Love and Freindship [sic] is a juvenile story by Jane Austen, dated 1790. From the age of eleven until she was eighteen, Jane Austen wrote her tales in three notebooks. The notebooks still exist - one in the Bodleian Library; the other two in the British Museum. They include among others Love and Freindship, written when Jane was fourteen, and The History of England, when she was fifteen. Written in epistolary form, like her later unpublished novella, Lady Susan, Love and Freindship is thought to be one of the tales she wrote for the amusement of her family; it was dedicated to her cousin Eliza de Feuillide, "La Comtesse de Feuillide". The instalments, written as letters from the heroine Laura, to Marianne, the daughter of her friend Isabel, may have come about as nightly readings by the young Jane in the Austen home.

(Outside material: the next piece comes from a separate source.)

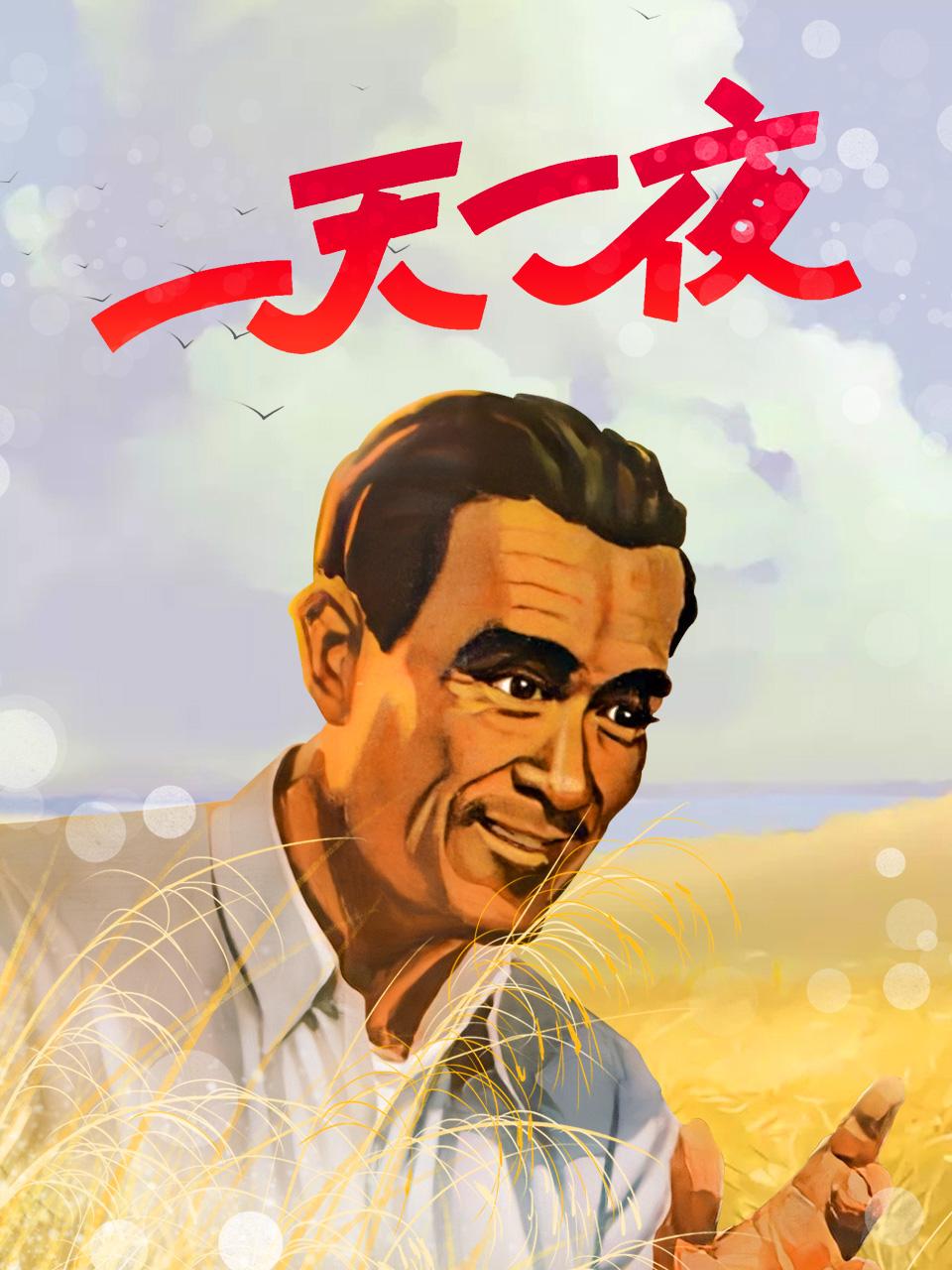 泰山归来：险战丛林（国语版）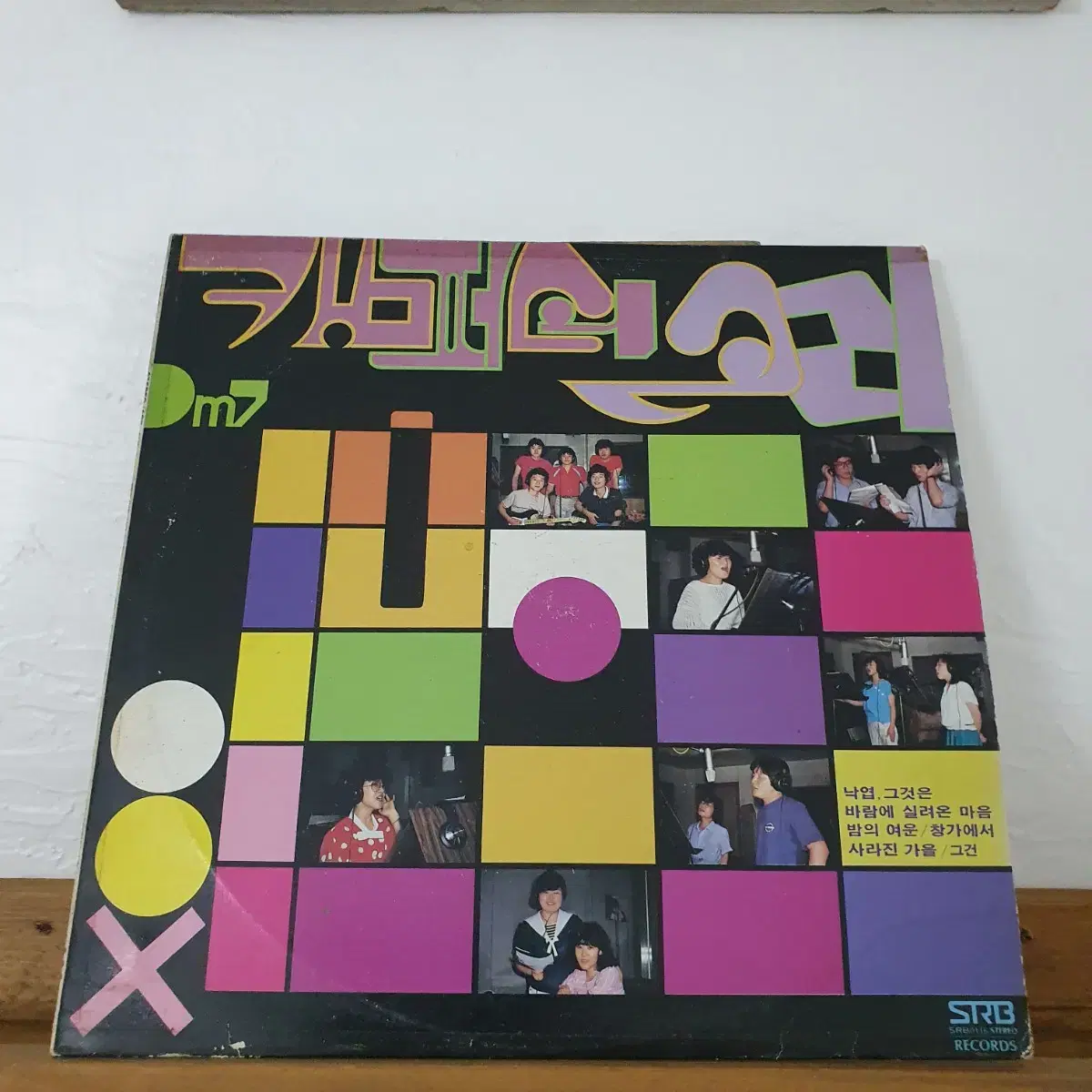 캠퍼스의 소리 LP  1984  소리두울(장필순)  다섯손가락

Love and Freindship (the misspelling is one of many in the story) is clearly a parody of romantic novels Austen read as a child. This is clear even from the subtitle, "Deceived in Freindship and Betrayed in Love", which completely undercuts the title. In form, it resembles a fairy tale as much as anything else, featuring wild coincidences and turns of fortune, but Austen is determined to lampoon the conventions of romantic stories, right down to the utter failure of romantic fainting spells, which always turn out badly for the female characters. In this story one can see the development of Austen's sharp wit and disdain for romantic sensibility, so characteristic of her later novels.
Letter The First
From Isabel to Laura

The first letter presents the reader with a glimpse into the life of Laura from Isabel's perspective. Isabel asks Laura to tell the "misfortunes and adventures" of her life to Isabel's daughter Marianne (Austen 516). Isabel argues that because Laura is turning fifty-five, she is past the danger of "disagreeable lovers" and "obstinate fathers" (Austen 516). This initial letter sets up the rest of Austen's narrative through Laura's letters to Marianne.

Letter The Second
Laura to Isabel

The second letter consists of a reply from Laura to Isabel. Laura initially disagrees with Isabel's assessment that she is safe from "misfortunes" simply because of her advanced age (Austen 516). Laura agrees to write to Marianne and detail her life experiences to "satisfy the curiosity of Marianne" and to teach her useful lessons (Poplawski 183). The useful lessons are lessons learned from the misfortunes caused by "disagreeable lovers" and "obstinate fathers" (Poplawski 183). Poplawski highlights the importance of the relationship between females and their lovers and also between females and their fathers as a means through which Austen is able to criticise stereotypical female behaviours. As seen throughout the work, these two relationships are constantly criticised by satirical anecdotes. Janetta's relationship with her father and also with her lover, Capitan M'Kenzie in the twelfth letter provides a good example of the way Austen mocks the fickleness of familial ties and romantic relationships.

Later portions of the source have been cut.